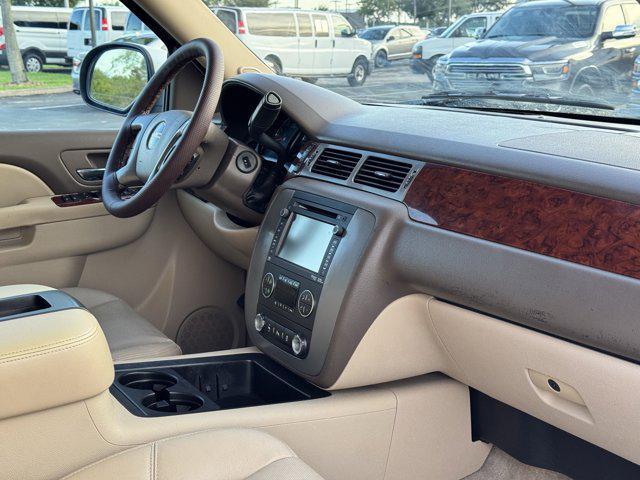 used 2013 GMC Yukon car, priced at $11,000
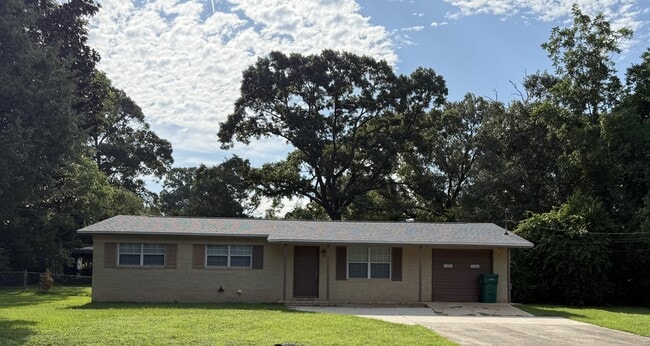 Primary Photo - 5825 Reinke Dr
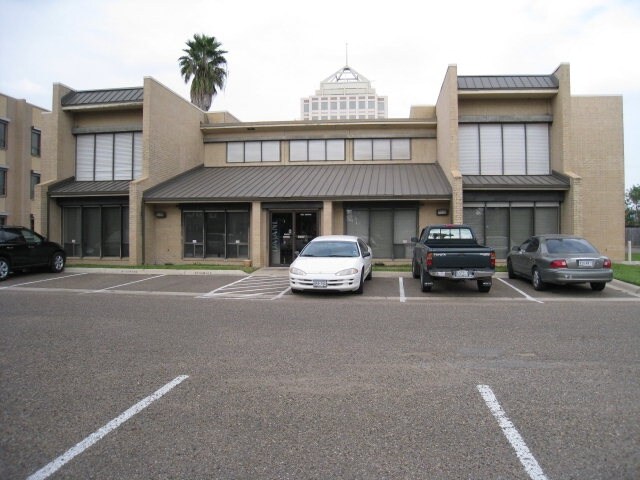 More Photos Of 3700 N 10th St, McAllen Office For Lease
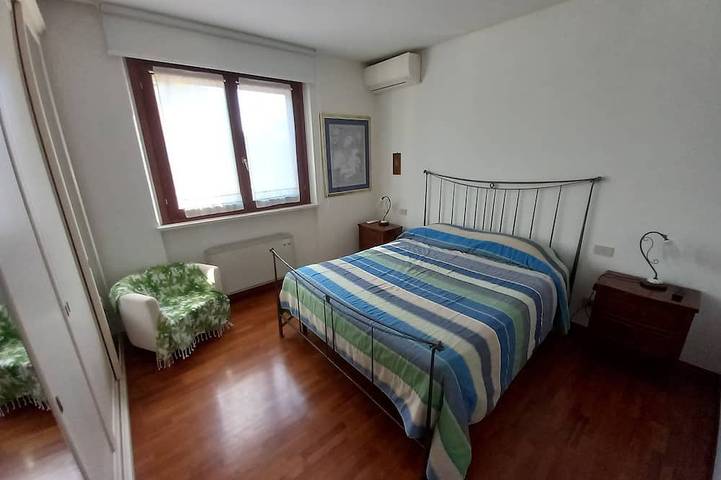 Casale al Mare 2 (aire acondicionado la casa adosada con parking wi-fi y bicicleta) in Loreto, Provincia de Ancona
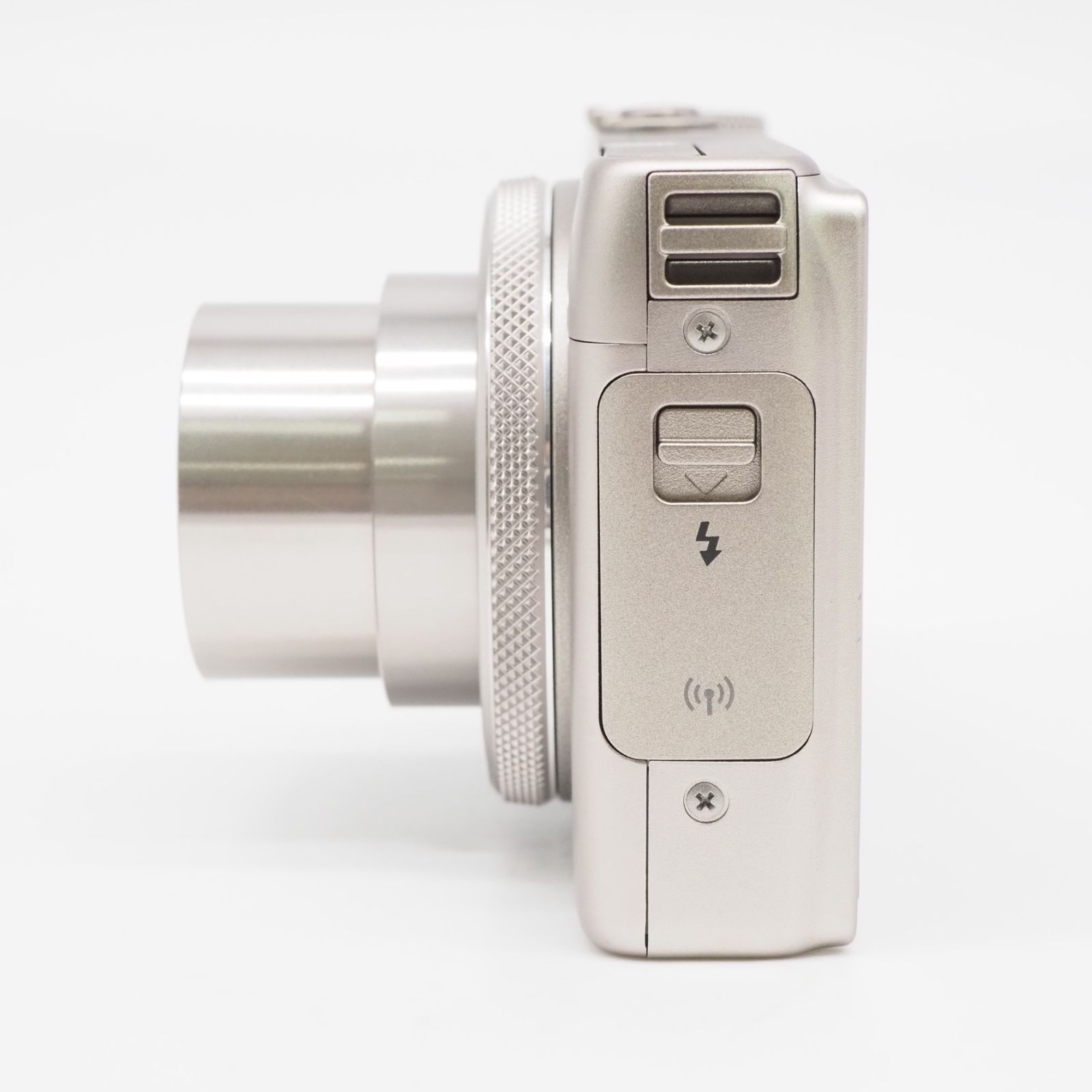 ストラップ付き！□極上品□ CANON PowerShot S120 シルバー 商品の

#####

## [Task description]
Everything from the line containing "More Photos Of" to the last line of the records above should be reproduced exactly, except the pictures.

## [Problem solution]
 More Photos Of 3700 N 10th St, McAllen Office For Lease
 Casale al Mare 2 (aire acondicionado la casa adosada con parking wi-fi y bicicleta) in Loreto, Provincia de Ancona
 ストラップ付き！□極上品□ CANON PowerShot S120 シルバー 商品の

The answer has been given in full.